Wishing you all the best,
Caroline
Ill just share a little something I wrote…
Roots
A tree may void it’s color, leaves fall upon the ground;
but trust me friend, come spring, life will again be found.
A tree may drop some branches, result of weathered storm;
but nothing time and sustenance can’t bring back to it’s norm.
A tree may rupture at it’s trunk and crash to the earth’s floor;
but resurrect, the tree still may, sprouting from it’s core.
A tree will overcome most anything, returning much the same;
for it’s roots define its essence and no time’s squandered casting blame.
Almost a koan in it’s paradoxal effect; I do love
Kobayashi Issa’s Classic Haiku
"If my grumbling wife
were still alive I just
might enjoy tonight’s moon.”
Just in time to greet the winter winds dancing across the prairie, I was intorduced to this poem by Wallace Stevens.
The Snowman
BY WALLACE STEVENS
One must have a mind of winter
To regard the frost and the boughs
Of the pine-trees crusted with snow;
And have been cold a long time
To behold the junipers shagged with ice,
The spruces rough in the distant glitter
Of the January sun; and not to think
Of any misery in the sound of the wind,
In the sound of a few leaves,
Which is the sound of the land
Full of the same wind
That is blowing in the same bare place
For the listener, who listens in the snow,
And, nothing himself, beholds
Nothing that is not there and the nothing that is.
Thanks to all that post poetry here for all of us to share and pass on.
Ellie
The Generosity of Sharing One’s Pain
The Generosity of Sharing One’s Pain
Thank you for sharing your pain
And for taking me to that place I have prohibited myself from visiting
That place where my sadness resides
Thank you for sharing your pain
And for allowing me to shed tears with you
Not only for your suffering, but also for mine
Thank you for letting your pain out
And for revealing a escape route for my own
And for sharing your story, ‘cause it’s my story too
And for reminding me that, in the end
We are all the same on this never-ending journey of change
Thank you for sharing your pain
And for reminding me that although this being human is not easy
I can find great consolation in knowing that I am not alone
That, in the most silent of all silences, we hold each other in love
And that is enough
That is enough
~ Piero Falci
Petaluma, California
February 7, 2017
Dedicated to all those gardeners who plant seeds of mindfulness
My first posting…Hope you all enjoy!
Wendell Berry: Words
What is one to make of a life given to putting things into words, saying them, writing them down? Is there a world beyond words? There is. But don’t start, don’t go on about the tree unqualified, standing in light that shines to time’s end beyond its summoning name. Don’t praise the speechless starlight, the unspeakable dawn. Just stop.
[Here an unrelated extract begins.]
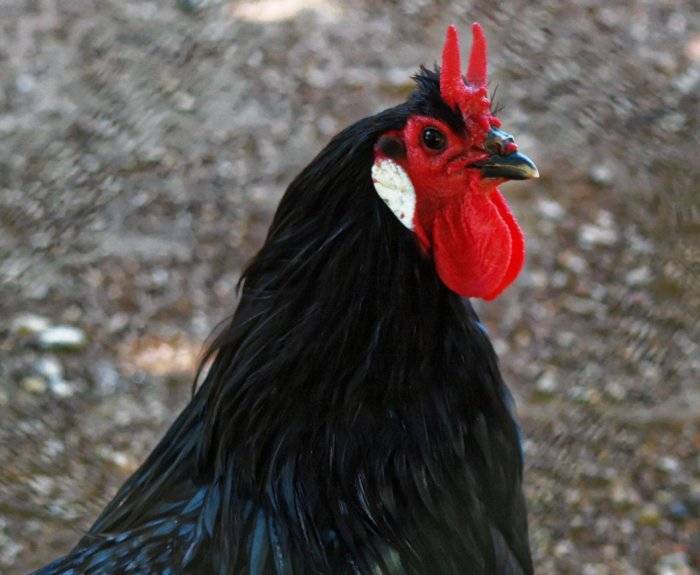 Цветной бройлер (29 фото): описание породы из франции sasso xl 551 и xl 451, характеристика суточных цыплят, отзывы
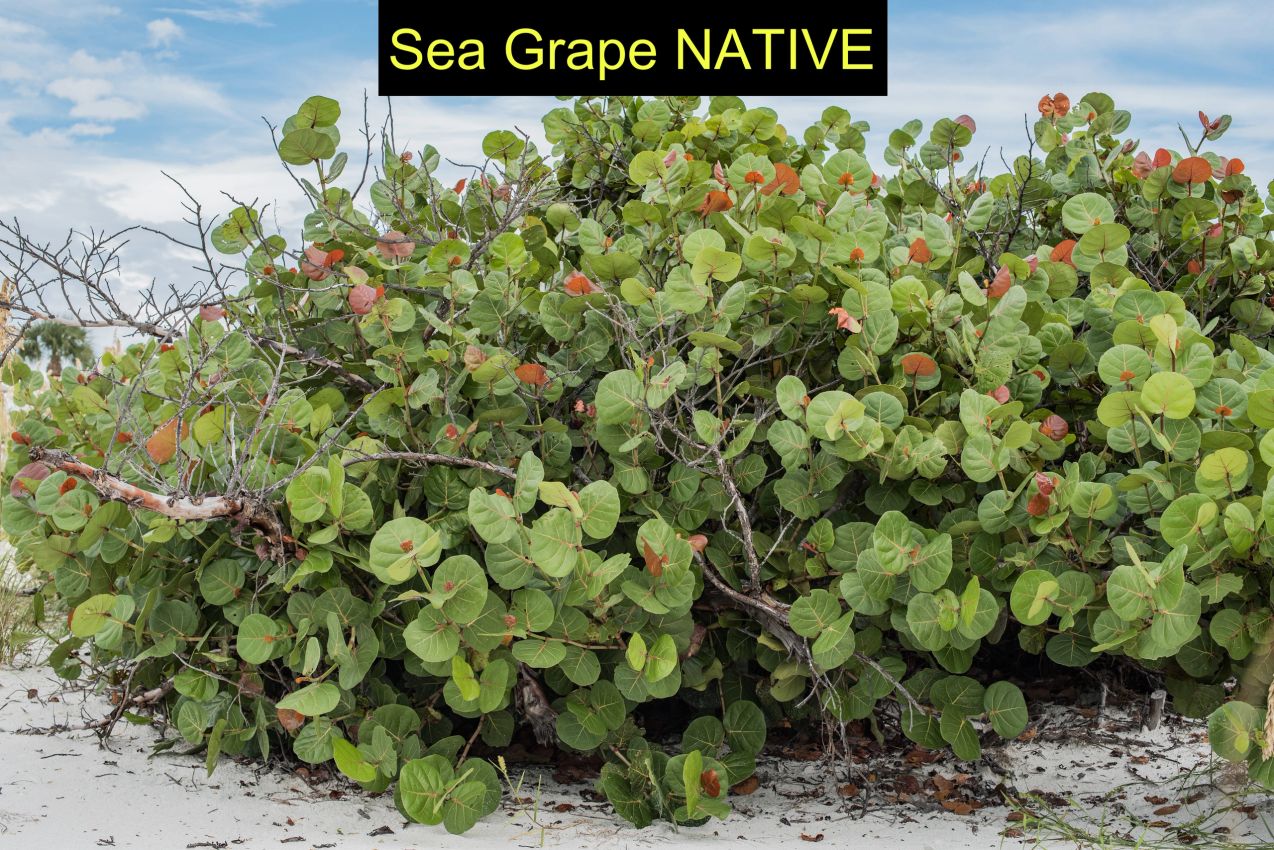 Sea grape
Well, we can stop for a while, if we try hard enough, if we are lucky. We can sit still, keep silent, let the phoebe, the sycamore, the river, the stone call themselves by whatever they call themselves, their own sounds, their own silence, and thus may know for a moment the nearness of the world, its vastness, its vast variousness, far and near, which only silence knows. And then we must call all things by name out of the silence again to be with us, or die of namelessness.
Delightful! Thank you very much for posting such a poem. Opens to the oneness of all.